"Pfizer did offer an additional allotment coming out of that plan — basically the second quarter allotment — multiple times," Gottlieb told CNBC.
Gottlieb noted that the government has agreements to buy hundreds of millions of doses of vaccines from six manufacturers as part of Operation Warp Speed, the Trump administration's more than $10 billion push to make a coronavirus vaccine available in record time. He suspects the government is betting more than one vaccine would ultimately get the FDA's authorization.
"That perhaps could be why they didn't take up that additional 100 million option agreement, which really wouldn't have required necessarily them to front money. It was just an agreement that they would purchase those vaccines," Gottlieb said. "So Pfizer has gone ahead and entered into some agreements with other countries to sell them some of that vaccine in the second quarter of 2021."
And that could mean there's less available for the U.S. government to buy when it's ready to do so.
The New York Times first reported Monday on the negotiations for more doses, saying that Pfizer offered the U.S. government between 100 million and 500 million additional doses and warned that its vaccine could be in short supply, given demand around the world. As a result, a second allotment might not be available to the U.S. until next June.
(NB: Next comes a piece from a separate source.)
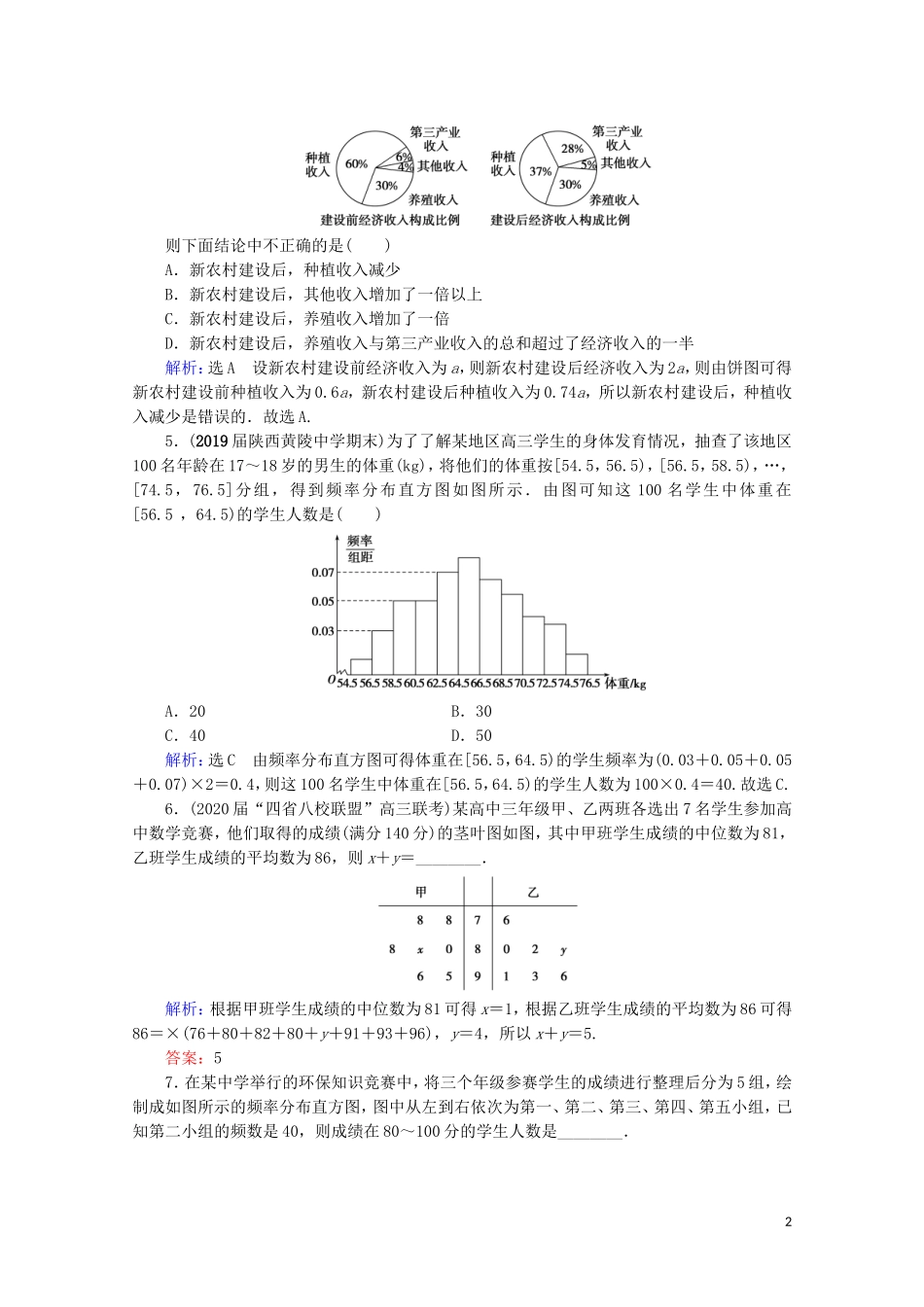 高考数学一轮复习 第11章 统计、统计案例 第2节 用样本估计总体课时跟踪检测 文 新人教A版-新人教A版高三全册数学试题_第2页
A senior administration official told reporters during a briefing Monday that the Times reporting wasn't accurate: "We're in the middle of a negotiation right now and we can't talk publicly about it, but we feel absolutely confident we will get the vaccine doses for which we've contracted and will have a sufficient number of doses to vaccinate all Americans who desire one before the end of second quarter 2021."
A spokesperson for HHS echoed that explanation in a series of tweets on Tuesday, saying, "At no time did OWS turn down an offer from Pfizer for any number of millions of doses having a firm delivery date and quantity, and it's a shame that someone is misinforming the American public."
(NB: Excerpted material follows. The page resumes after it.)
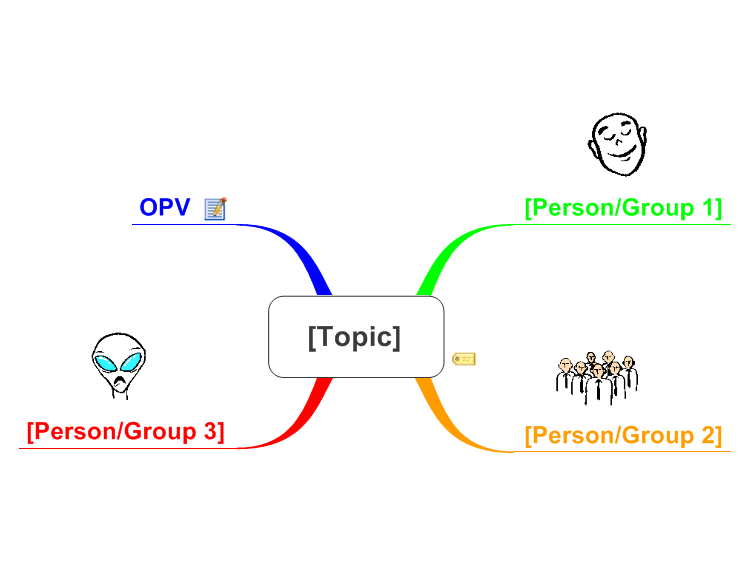 Edward de Bono Thinking Tools - OPV; Other People's View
Pfizer didn't respond to NPR's request for comment on this story.
In July, Pfizer signed a $1.95 billion agreement with Operation Warp Speed. As part of the deal, the government agreed to purchase 100 million doses of Pfizer's vaccine, but the transaction would occur only if the vaccine Pfizer is developing in partnership with BioNTech, a German company, received the FDA's OK.
It's not unusual for a company under contract with the government to suggest a modification, such as more doses in the first allotment, said Franklin Turner, a partner at McCarter & English who specializes in government contracting. But there can be any number of reasons the government might decline.
"If I had a dime for every time the government took a step or a position that seems counterintuitive and quite frankly, mind-boggling, I'd be a very rich human being at this point in my life," Franklin said.
On Thursday, the advisory panel voted 17-4, with one abstention, to recommend that the COVID-19 vaccine being developed by Pfizer and BioNTech be authorized for emergency use.
It's possible the government could have gotten better follow-on delivery contract terms to begin with, said James Love, director of Knowledge Ecology International. Though he noted that the intellectual property rights in the contract aren't particularly favorable to the federal government either, as NPR has reported. "At some point, not placing orders when the whole world is placing orders, was a mistake," Love said.
If the U.S. did miss out on more doses because it declined them, it would be "a spectacular failure," said Rena Conti, a health economist at Boston University.
"Contracts are forward-looking, that means we could have (and did) sign contracts with other manufacturers that reserve future capacity when it became available," she said. "We should have [been] including language in every contract reserving the rights to more quantity in advance at a given price."
Although the Pfizer contract includes the option to buy an additional 500 million doses of its vaccine, that transaction would require a separate agreement, and the price would be subject to change, the contract says.
"Having more quantity reserved is smart economics given the uncertainty entailed in which vaccine comes to market in a given time period, and which vaccine will be most safe, [effective] and able to manufacture at scale," Conti said. "There is no downside cost or risk to having these forward contracts and there is plenty to gain for the American public."